When it comes to colored concrete, the industry standard tends toward rich coloring that implies depth – a finish that draws the eye – and there are plenty of examples of colored concrete that achieve that standard.
Unfortunately, there are also instances in which the coloring process appears to have gone horribly wrong: a mottled look, a faded or dull appearance, or blistering and delaminating of stains or dyes.
Why do some concrete pours result in the desired appearance while others fall short?
Most contractors know that water is the guiltiest of parties when it comes to faded integral colors. More water equals less vibrant color… always. But water isn’t the only culprit when it comes to unsatisfactory integral color.

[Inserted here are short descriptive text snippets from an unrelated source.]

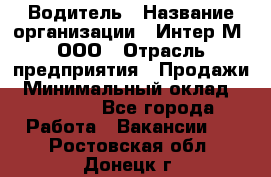 Водитель › Название организации ­ Интер-М, ООО › Отрасль предприятия ­ Продажи › Минимальный оклад ­ 50 000 - Все города Работа » Вакансии   . Ростовская обл.,Донецк г.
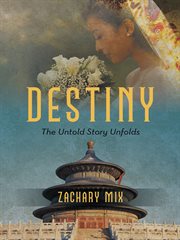 Destiny. The Untold Story Unfolds cover image cdn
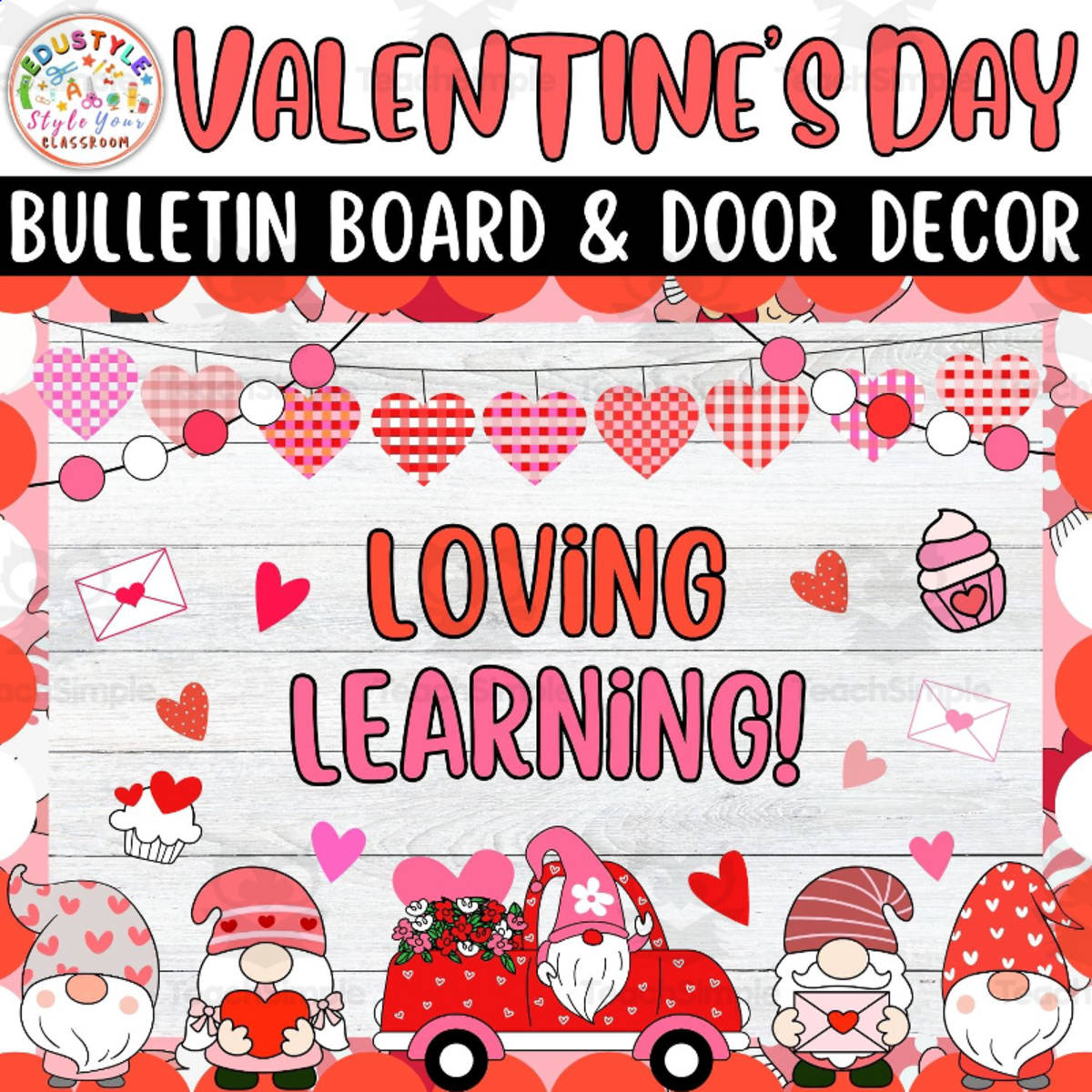 An educational teaching resource from Style Your Classroom entitled Loving Learning!: Valentine's Day Bulletin Boards & Door Decor kit downloadable at Teach Simple.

“In general, anything you add to a concrete mix can and will affect the color of integral concrete,” says Chris Sullivan, vice president of sales and marketing for ChemSystems Inc., a manufacturer of decorative concrete additives. “With additives, color change can range anywhere from very slight to quite dramatic.”
Admixtures allow contractors to manipulate the chemistry of a concrete mix. With admixtures, contractors can reduce the water ratio in a batch, speed up set time, or create a super-strong or maybe a more porous concrete. But what effect can admixtures have on the color of concrete?

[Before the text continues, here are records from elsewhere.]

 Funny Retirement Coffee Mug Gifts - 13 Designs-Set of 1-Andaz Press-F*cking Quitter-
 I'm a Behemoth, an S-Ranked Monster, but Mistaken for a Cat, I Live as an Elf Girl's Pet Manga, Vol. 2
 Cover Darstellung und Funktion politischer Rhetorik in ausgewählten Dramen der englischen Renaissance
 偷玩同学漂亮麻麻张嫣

Mixed Results: Admixtures and Their Effects on Color
Courtesy of Chris Sullivan
Accelerators are used to reduce the set time of concrete and increase early strength gain. Speeding up set time allows contractors to pour concrete in cold temperatures and can also increase efficiency by reducing the amount of time a crew spends finishing. Unfortunately, the most commonly used accelerator, calcium chloride, is the admixture that has the most catastrophic effect on integral color.
“Calcium chloride is by far the most detrimental admixture to concrete coloring,” says Dionne Ojeda, national sales manager for Fritz-Pak Corp. “It doesn’t disperse well into the concrete mix. It tends to clump and ball up, resulting in a mottled look in integrally colored concrete. Unfortunately, calcium chloride is the accelerator of choice for most ready-mix companies. It’s cheap, readily available, and it works well.”
The chloride ion – one element of calcium chloride – is a very aggressive chemical, Sullivan says. “It attacks pigment and it’s sometimes hard to control the concentration. The blotchy look you get with calcium chloride is a result of uneven distribution of the chloride in the batch.” Calcium chloride even has a damaging effect on acid stains and dyes, says Rick Smith, president of Richard Smith Custom Concrete, a Canoga Park, Calif., contractor. “It tends to repel stains and you end up with blistering or delaminating over time. With dyes the problem lies in the clumping aspect – calcium chloride tends to draw water to itself, even years after the concrete has been set. Because of that, even with a dye, you end up with darker areas where the chloride has clumped.”
So what’s the alternative? Ojeda offers a solution. “Contractors should always communicate with their ready-mix producer… if you’re pouring integrally colored concrete, or plan to use an acid stain, make sure your ready-mix supplier uses a nonchloride accelerant. One option is to add your own accelerant on-site. Fritz-Pak sells a nonchloride powder for just that purpose.”
Plasticizers increase water reduction to achieve low water/cement ratios and increased slump for ease of placement. It stands to reason that if water has an adverse effect on integral color, then an additive that allows you to reduce the amount of water in a batch should result in brighter and richer integral coloring.
Not necessarily, cautions Art Pinto, product manager for Solomon Colors. “If too much water-reducing admixture (plasticizer) is used, it tends to draw excess water to the surface of the concrete. When this happens, color is affected in much the same way as it would be by adding water to the surface of the concrete, which is a no-no when it comes to integrally colored concrete.”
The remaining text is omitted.